Solved – How to compute and interpret the mean of a latent variable in structural equation modeling using lavaan

lavaanmeanrstructural-equation-modeling

i am looking at a simple psychological construct defined by two Subscales A and B. My supervisor told me to estimate the latent means of A and B.
Looking on cross validated i found a similar question: providing mean, sd, and correlations in sem
.However the answer belongs to MPlus and i donĀ“t know if i can simply translate it like that into code for lavaan.

What i have done so far:

1.) lavaan model: constraining loadings (to 1) and intercepts (to 0) of A1 and B1, while estimating the intercepts and variances of the latent variables A and B freely.

  model ="A =~ A1 + A2 + A3 + A4 + A5
         B =~ B1 + B2 + B3 + B4 + B5
         A1 ~ 0*1
         A2 ~ 0*1
         A ~ NA*1
         b ~ NA*1"

2.) estmating the model:

  sem = cfa(model, data = data, meanstructure = TRUE)
  summary(sem) 

My questions:

1.) can i see the intercept of A and B as the mean of A and B?

2.) in the lavaan Documention –http://lavaan.ugent.be/tutorial/means.html- it says, that "By default, the cfa() and sem() functions fix the latent variable intercepts (which in this case correspond to the latent means) to zero.". Is this no longer true, because i have estimated the intercepts freely?

3.) How can i interpret the mean of the latent variables? Is it like the mean of the Subscale?

Best Answer

Means and intercepts of latent variables are kind of weird.

  1. It looks to me like you've constrained the means of the intercepts to zero. If you haven't, then model is not identified.
  2. You estimate the intercepts freely with:

    A1 ~ 1
    

    I don't think you did that. (But post your output if you want me to be sure.)
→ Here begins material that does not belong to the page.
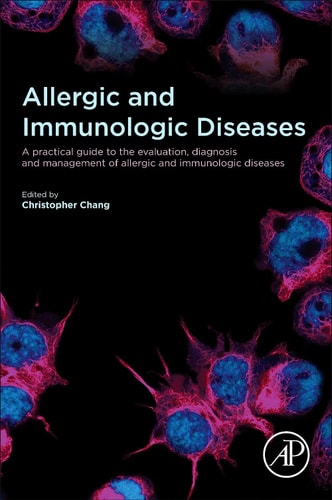Allergic and Immunologic Diseases A Practical Guide to the Evaluation, Diagnosis and Management of Allergic and Immunologic Diseases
  3. Means (and intercepts) of latent variables are not directly interpretable, because they are arbitrary. You can set the mean to be any value you want it to be. You can interpret latent variable means relative to each other - e.g. you can constrain one latent mean to be equal to 0 and (as long as there are identifying constraints), a second mean might be 1 - you can then say that the second mean is one unit higher than the first. But you can also constrain the first mean to be 16.5, and then you'll discover that the second mean is 17.5, so it's one unit higher.